The beans are sourced from Trinidad, Tobago, Ecuador, Peru and Hawaii.

On our day, beans from Maranon Canyon of Peru were transformed into bars of chocolate with a flavor to satisify any chocophile’s obsession. The beans from that area are 40 percent rare white beans and from a genetic stock thought to be extinct.

Dan Pearson, partner and CEO of Maranon Chocolate, discovered the beans by accident while sourcing fruits and vegetables for mine workers in the Andes Mountains of Peru.

Visiting a banana plantation they found trees with the football-sized pods (photo by Kat Page) growing on the trunks between the taller banana trees. Out of curiosity, Pearson sent a leaf sample to the USDA near Washington, DC. He was told his beans DNA matched Pure Nacional, a bean grown in neighboring Ecuador.

“Nacional dominated the world fine chocolate market for over 100 years before it was destroyed by disease in 1916,” Pearson says.

After learning more, Pearson and partner Brian Horsley set up production in Peru to ensure quality control in the remote region. Attention is given to how the trees are pruned, the fermentation, drying and sorting.Beans are examined before and after fermentation, before and after drying and any misshapen beans are sorted out and removed.

“We have women sort out the flats and smalls (see photo). If you think of two steaks on the BBQ, one half ounce and the other 8 ounces in size, the small one will dry out if cooked the same length of time,” he said to explain how the chocolate flavor would be negatively affected. Pearson likes to provide young women, some of whom are single moms, an opportunity to work. Maranon beans are dried on an elevated table and turned frequently, several times a day.

The chocolate we process is called Fortunato No. 4, named after the farm owner on whose farm the beans were found.

At Qzina we see the equally sized beans roast. Mellet explains the roasting sterilizes the bean to kill any fungi, develops the flavor and helps separate the shell from the inner bean. He pulled out a few to sample after 45 minutes and checked again every five or ten minutes. He opened them and Pearson was happy to spot white beans among the dark.

White beans are less bitter and therefore more desirable. Grafting is used to increase the number of white Nacional beans.

Roasting is followed by winnowing to remove the husks or shells. The outer shells are cracked and blown away to leave cocoa nibs.

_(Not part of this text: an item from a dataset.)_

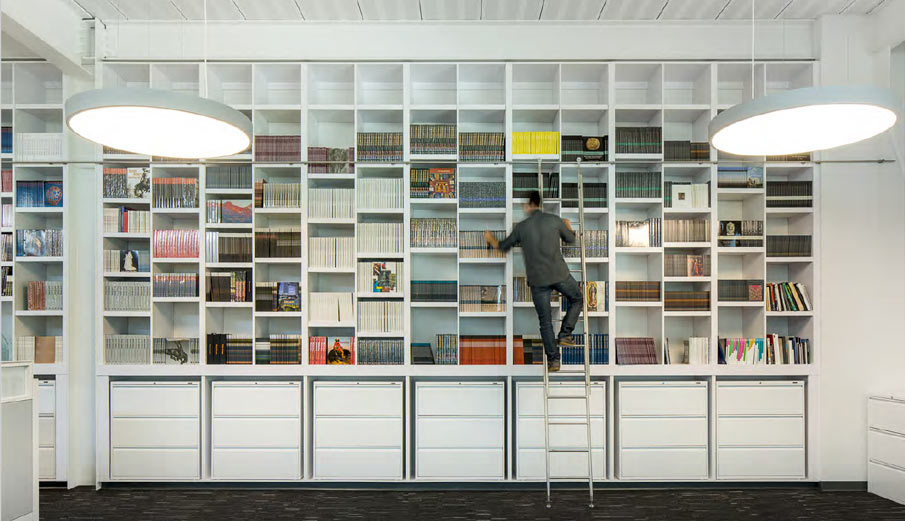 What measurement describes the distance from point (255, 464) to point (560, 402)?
264cm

Next, sugar is added to the cocoa nibs and ground. After three rounds the thick paste becomes chocolate liquor. Then the chocolate is poured into a conch to mix, aerate and further develop the flavor. This can take a few hours or days.

Almost the last step is tempering. This process raises and lowers the temperature to crystallize the cocoa butter into chocolate that is stable with a glossy snap.

Lastly, Mellet pressed the chocolate into molds. His quick practiced movements wasted no precious bit of the fine courverture.

Yes, we were given samples. The chocolate is 68%, with intense chocolate taste, silky smooth with no bitterness or acidic bite. No vanilla or any flavoring is needed.

“If you had sent me diamonds and emeralds I could not be happier! I think wars could be prevented and marriages preserved with gifts such as this!” comments fan Carrie L. Chisholm scribing Fortunato No.4 on Maranon Chocolate’s blog.

Pearson explains how differently other chocolate is handled. “Most farmers rarely turn their beans. Big chocolate buys the beans based on moisture content, roasts them at very high temperatures to burn out the bad flavors from poor fermenting and drying, then add artificial flavors.”

“Remember, to be called chocolate in the US requires only 14 to 15 percent beans,” he adds.

No one will ever confuse Maranon chocolate with an ordinary candy bar.